左頬に朱い桜花のタトゥを入れた、我ながら平凡すぎる幼な顔を。
「俺は、お前を逃しにきた」
手を差し出しながら告げるが、スノウは動かない。
「俺はな、スノウ。お前に惚れたんだ。だから、魔王の生贄にもさせないし、勇者どもに殺させもしない」
最初は依頼だった。
影の護衛という、面倒だが割のいい依頼。
だが、護衛対象の少女は、あまりにも彼の好みだった。
顔立ちや立ち振る舞い、日頃の行動から見える、優しさと芯の強さ。
この少女の瞳に、自分を映したいと、思った。
気づけば惹かれていた自分を、我ながら滑稽だと思う。
世界を二分する組織のどちらもが欲する少女、それでも口説きたいと思ってしまった。
このまま拐えば、どちらも彼の敵になる。
「だが、強要はしない。お前を殺そうとした連中への報復に、魔王の復活を望むなら、このまま去る。勇者どもに殺されてやるなら、奴らの元へ届けよう」
差し出した手と彼の顔を見比べるスノウに、彼は片目を閉じた。
「元の生活には戻してやれねーが、それでもお前の意思を最大限に尊重する。
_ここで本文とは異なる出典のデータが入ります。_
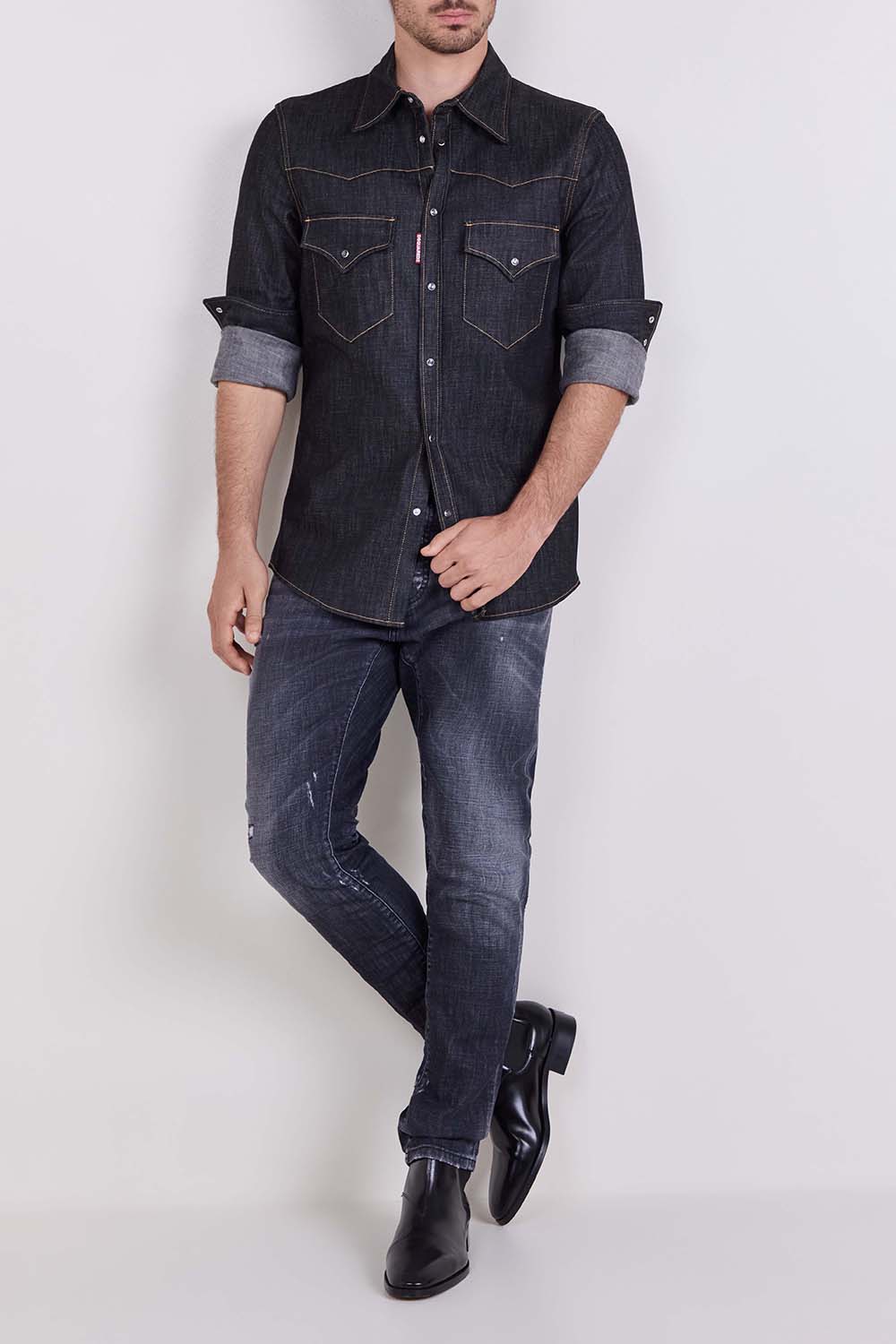 חולצת ג'ינס מכופתרת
……まぁ本音を言えば、一緒に来て欲しかったりするんだけど」
我ながら信用出来ねーなぁ、と思いながら、差し出した手を引っ込めはしない。
彼女を助けようと思った気持ちに、嘘はないのだ。
一年半。
それだけの間、彼はずっと彼女を見続けてきた。
本当はたった3ヶ月の契約だった依頼。
「辛い状況には、十分耐えただろ? 自分にはどうしようもない理由で捨てられて、小間使いみたいにただで働かされて、あげくの果てには正義も敵だ。……もう、頑張らなくていい」
契約を延長した時から、ずっと思っていた。
このまま孤児院を出で、平穏な生活をスノウが続けるのなら、それでいいと。
だが、スノウを狙う連中の手が伸びるなら、その時は彼女を助けようと。
その為に、魔王側と契約を続けた。
同時に勇者側に、彼女を狙う連中のアジトを……つまりは今いるこの場所を突き止めるために、暗殺の話を持って行った。
ーーーわざと襲撃に失敗し、魔王側を油断させてから一網打尽にするために。
「俺の名は【蛇蝎のオウカ】。口にする言葉は毒の味だ。呑めば死ぬかもしれん。……それでも」
オウカと名乗る彼は、牙を剥くように彼女に笑いかけた。